Paus Fransiskus: Perempuan Bisa Jadi Lektor dan Akolit

709
Pelayan altar bernyanyi selama Misa Malam Natal di sebuah gereja di Bonn, Jerman.| Harald Oppitz / KNA via CNS

HIDUPKATOLIK.COMPaus Fransiskus mengeluarkan dokumen baru yang meresmikan kesanggupan perempuan untuk menjadi lektor (pelayan Sabda) dan akolit (pelayan altar) pada Misa di hari Senin, 11/1. Ditandatangani pada Pesta Pembaptisan Tuhan, 10/1, dan diterbitkan pada 11 Januari, dokumen baru, berjudul, “Spiritus Domini”, menetapkan bahwa perempuan sekarang dapat secara resmi mengambil peran lektor dan akolit selama perayaan liturgi.

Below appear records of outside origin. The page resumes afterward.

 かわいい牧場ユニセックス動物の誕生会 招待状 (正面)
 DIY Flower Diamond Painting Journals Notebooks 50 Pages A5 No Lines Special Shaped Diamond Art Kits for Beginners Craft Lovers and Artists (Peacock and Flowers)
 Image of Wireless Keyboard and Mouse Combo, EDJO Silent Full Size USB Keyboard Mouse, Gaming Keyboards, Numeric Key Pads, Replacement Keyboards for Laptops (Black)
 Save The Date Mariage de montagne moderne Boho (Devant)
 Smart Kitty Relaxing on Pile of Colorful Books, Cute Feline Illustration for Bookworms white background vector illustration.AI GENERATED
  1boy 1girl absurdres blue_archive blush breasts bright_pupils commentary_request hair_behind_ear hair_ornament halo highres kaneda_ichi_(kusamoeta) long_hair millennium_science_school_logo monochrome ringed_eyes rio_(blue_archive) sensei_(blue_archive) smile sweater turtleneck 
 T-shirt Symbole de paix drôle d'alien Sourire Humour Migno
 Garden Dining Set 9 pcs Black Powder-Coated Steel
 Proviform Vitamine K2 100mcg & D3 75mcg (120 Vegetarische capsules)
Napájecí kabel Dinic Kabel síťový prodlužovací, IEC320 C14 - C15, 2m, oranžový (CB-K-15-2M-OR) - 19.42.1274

Disebut motu proprio, yang berarti bagian dari dokumen yang dikeluarkan atas otoritas Paus sendiri, dokumen baru ini merevisi kanon 230 paragraf pertama dalam Kitab Hukum Kanonik (KHK) (Judul II Kewajiban dan Hak Kaum Beriman Kristiani Awam). Sebelumnya kanon ini menyatakan, “Orang awam laki-laki, yang sudah mencapai usia dan mempunyai sifat-sifat yang ditentukan oleh dekret Konferensi Para Uskup, dapat diangkat secara tetap untuk menjalankan pelayanan sebagai lektor dan akolit dengan ritus liturgis yang ditentukan…”. Lektor dan Akolit bukanlah pelayan tertahbis melainkan hanya melalui pelantikan.  Dahulu memang pada tahun 1972, St. Paulus VI memutuskan untuk mempertahankan akses kepada pelayanan ini hanya untuk laki-laki karena keduanya dianggap sebagai persiapan untuk akhirnya masuk ke tahbisan suci.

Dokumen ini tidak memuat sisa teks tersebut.